I don’t need to see this world, I need to LOVE these people in this world.”
Then with a loud laugh,she added “But if you can make these glass eyes see,that would REALLY be a miracle!”

“Really be a miracle.”

Please, pause and ponder this for a moment. What would really be a miracle?

Sometimes we see a disability and that’s all we see, we don’t look deep enough to realize what else is there. We see a wheelchair,
instead of a person; we notice the crutches,and don’t look at the beautiful blue eyes; we see the elderly man take cautious steps, without realizing that long ago,he fought for our freedom.  We see the child with Downs Syndrome, and overlook the child’s pure joy of life. We see deaf people signing,and only think about what they don’t hear instead of marveling at the beautiful language and culture they share. We see the white cane, and act as if the person is invisible.
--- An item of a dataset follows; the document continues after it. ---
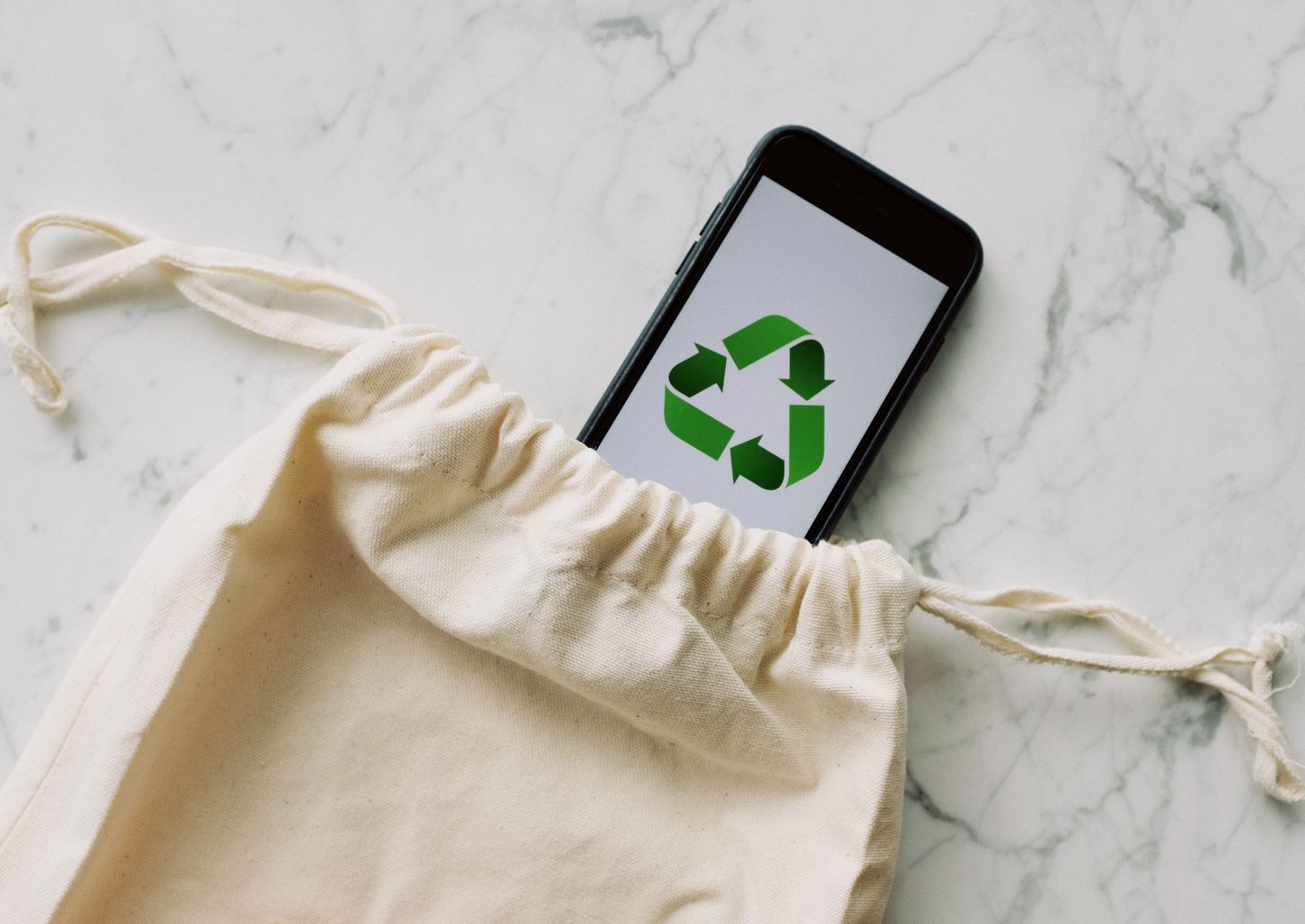 Creating a circular veterinary profession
Like the preacher man,the strangers at Taco Cabana-who approached me and best friend years ago to ask if they could pray for my hearing- and my client, so many people pray for what they perceive needs a miracle. It’s human nature to want to “fix things” and to change things to what we think is “normal” or “better”.

We look,but we don’t see and we hear,but we don’t listen. We assume too much,and know far too little. 

The real miracle, I believe, would be for us to really look beyond the surface,behind the disabilities,the disfigurement,
the differences and see the abilities,the beauty,the uniqueness of each person.

We need to pray that our hearts will overflow with compassion, that we can see the goodness in the world,and hear the sound of love.

We need a real miracle and it’s within each of us to make it happen.

My client,after hearing the story of Aunt Dorothy, prayed for a “real miracle” for us both to have the heart to forgive and to love. He understood right away that my deafness wasn’t what a problem to be fixed,but a unique part of who I am.

So, I give this story over to you and urge you to listen with your eyes,to hear with your heart,to touch with kindness,to see with clarity and to create a ripple effect of miracles right now.

It would really,after all,be a REAL miracle.